Réhmy is described as the "cool, competent brain of that curious partnership". He is a "short dark man between thirty and thirty-five" who was "of the Southern French type with the brownest eyes I have ever seen, eager and sanguine of expression". The last part is shown on numerous occasions as he, when not deeply involved in deadly work, is prone to be a happy, cheerful fellow, the kind people like to sit and have a drink with.
de Blanchegarde is described as "tall and dark. He had a thin kindly face with an indiscriminate sandy moustache cut close and almost level with the ends of his mouth." He had the "eyes and habit of a student" while also having "downcast, stooping manner of the overtrained official." In the partnership, he was "its impulsive and occasionally rash executive". A definite man of action, he chafes when forced to sit and wait, often bounding from a seated position to pace excitedly about a room for a short while before sitting back down in frustration. When it comes time to pounce on an adversary, however, his energy comes in handy a lot.
Narrating the two adventures and playing a vital role in each is an Englishman named Thomas Preston who works as a representative for his Uncle James of Jebbut & Jebbut, hardware merchants, otherwise known as a traveling salesman.
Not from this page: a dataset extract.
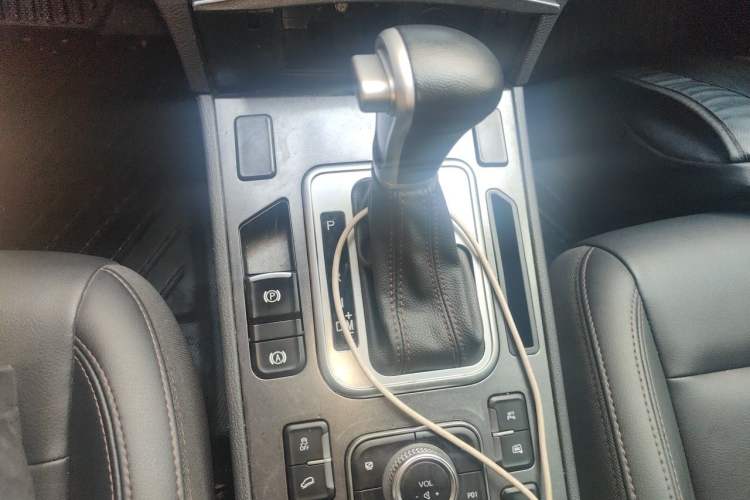 Used Haval H6 Coupe 2018 Red-Label 1.5T Automatic Two-Wheel Drive Ultra-Luxury Model Gear Lever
Described by himself as being of fair hair with blue eyes, 5'11", Preston has been sent prior to WWI to study at university in Bonn where he learned during his two years there to speak German like a native. He was to have gone on to Oxford when the war broke out so he joined the army instead and rose to the rank of Captain in the Royal Field Artillery, receiving two wounds and the Military Cross. Preston does not have the training in cloak and dagger work that Réhmy and de Blanchegarde have but he does not lack for intelligence and perseverence, not to mention good old stubborness. Of course in the first adventure he has the heart of a beautiful woman to win, not to mention saving her life at least once, but in the second there is compelling reason for his joining the escapade except his determination to stop a really bad guy.
Professor Kreutzemark is the bad guy and he does an excellent job in that role. [Note: in some lists of series, it is he that is the named character, not Réhmy or de Blanchegarde nor even Preston though he be the point of view for both tales.] The Professor, as he is called throughout the stories, is "a figure notorious in the archives of every intelligence service in Europe". He is said to be "one of the finest chemists in Germany and responsible for a dozen foul inventions. He it was who discovered Yellow Cross gas".
The Professor is a man of considerable reputation in the back rooms and alleyways of intrigue. Use of his name can bring recalcitrant fellows to heel and make even stalwart brigands take a pause. When he is angered, which he can be at times though he hides it very well behind a thin curtain of civility, he can with but his sharp tongue and his great control of himself take charge and bring his sense of order.
Kreutzemark is described as quite tall and thin. He has a golden beard that is, while not odd looking, is nevertheless distinctive. More important to his whole coutenance are his eyes. They are extremely piercing, missing nothing as he slowly looks about a room. His ability to read people's emotions is frightening and his mesmerizing glare can and does hypnotize through his look and his melodic voice. Adding to an already impressive presentation, Kreutzemark travels with a red parrot of "malevolent appearance" who sometimes squawks "I spy strangers!" followed by a piercing whistle. According to Preston, it is very disconcerting.
With two experienced and dedicated intelligence operatives, one intelligent and resourceful amateur, and one extremely dangerous, vicious, heartless antagonist, this is wonderfully crowded arena.